The Film Comment Podcast: Terence Davies on Benediction
This week Film Comment is reporting from the Toronto International Film Festival, both virtually and in-person. One of the most anticipated films at this year’s festival is Benediction, the latest feature by British master Terence Davies. It’s a biopic of the English anti-war poet Siegfried Sassoon—although, biopic is a bit of a misnomer. Like A Quiet Passion, Davies’s 2015 film about Emily Dickinson, Benediction is a beautifully impressionistic, personal, and indeed poetic account of Sassoon’s very colorful life. Davies jumps back and forth in time, melds archival footage and arch scenes of drama, and stages some stunning tableaux that tune us into the ups and downs of Sassoon’s life as a gay man, and the despair that haunted him and his poetry after his stint in World War I.
Film Comment Co-Deputy Editor Devika Girish sat down with the Davies to talk about the film as well as an eclectic range of subjects: beauty, eternity, poetry, Catholicism, the power of silence, his experiences in the U.K’s gay scene, the horrors of reality television, and more.
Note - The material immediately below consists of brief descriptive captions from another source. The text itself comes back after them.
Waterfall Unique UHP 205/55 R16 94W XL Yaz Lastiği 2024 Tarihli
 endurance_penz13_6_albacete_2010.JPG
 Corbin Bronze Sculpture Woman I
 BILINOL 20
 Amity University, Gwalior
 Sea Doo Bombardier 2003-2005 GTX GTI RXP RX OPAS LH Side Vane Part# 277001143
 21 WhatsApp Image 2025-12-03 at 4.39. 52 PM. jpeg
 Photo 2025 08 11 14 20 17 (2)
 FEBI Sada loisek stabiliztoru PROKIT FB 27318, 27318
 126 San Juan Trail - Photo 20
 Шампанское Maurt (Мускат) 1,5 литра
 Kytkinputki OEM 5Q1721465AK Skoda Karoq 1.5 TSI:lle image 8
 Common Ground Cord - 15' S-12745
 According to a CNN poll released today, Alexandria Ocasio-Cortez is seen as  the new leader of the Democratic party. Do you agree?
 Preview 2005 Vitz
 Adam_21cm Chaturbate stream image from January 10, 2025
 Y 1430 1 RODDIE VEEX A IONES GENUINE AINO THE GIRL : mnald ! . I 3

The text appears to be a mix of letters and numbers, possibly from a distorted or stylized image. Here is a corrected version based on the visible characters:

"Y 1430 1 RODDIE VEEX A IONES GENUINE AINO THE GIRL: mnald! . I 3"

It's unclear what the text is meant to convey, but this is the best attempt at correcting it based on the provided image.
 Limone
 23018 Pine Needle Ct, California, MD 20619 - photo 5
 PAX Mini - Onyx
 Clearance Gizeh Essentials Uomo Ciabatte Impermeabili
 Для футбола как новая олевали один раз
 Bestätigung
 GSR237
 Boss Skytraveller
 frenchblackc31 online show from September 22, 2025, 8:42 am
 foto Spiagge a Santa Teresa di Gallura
We hope you enjoy the conversation, and make sure you subscribe to the podcast and to the Film Comment Letter so you can keep up with all our upcoming Toronto and New York Film Festival coverage.
Listen to the full conversation and read an edited transcript below.
This episode is sponsored by Kino Lorber, presenting Kiyoshi Kurosawa’s Wife of a Spy, now in theaters: bit.ly/wifeofaspy
I am curious to know when you first encountered Siegfried Sassoon. Do you remember the first poem of his that you read?
I was applying for lots of drama schools, which I never, ever got into. What you had to do in England—then, anyway—was a piece of Shakespeare and something of your own choice. And somebody had introduced me to “Concert-interpretation,” which I just fell in love with. It’s very, very funny, but in beautiful English. I did that as my audition piece, and I finally got in. But I hadn’t really read him properly, really. I’d been reading little bits here and there, his war poems. Then six years ago in Toronto, I was asked if I would be interested [in making this film]. I said yes, I’ll start reading the poetry properly. That’s when I started to read about his life. He went everywhere; he knew everybody. I read three separate biographies, and they were all this thick. It was incredible. I had to see what I responded to, and after reading these huge biographies, what I warmed to was a) the First World War turned him into a great poet. Britain was the only place that produced three great poets out of that awful conflict.
Who are the other two, in your estimation?
Rupert Brooke and Wilfred Owen. They’re just marvelous!
The fact that Sassoon was gay, I responded to that. I was quite shocked that he got married, but then, a lot of people of that era did just that. Him turning Catholic really did appall me, because I was brought up a Catholic, and am very much a lapsed Catholic now but full of Cathology, Catholic do’s and don’ts. There’s a kind of brainwashing. Also what also ran through all of that was that there was something that was intensely sad. A huge sense of regret, a desperate need to be redeemed. And the tragedy is, of course, that no one else can redeem us. No religion can redeem us. We have to redeem ourselves, and that’s very hard to do, because very often you lose hope, and the next thing to hope is despair. And despair is worse than any pain. But human beings hope, and we hope because we must.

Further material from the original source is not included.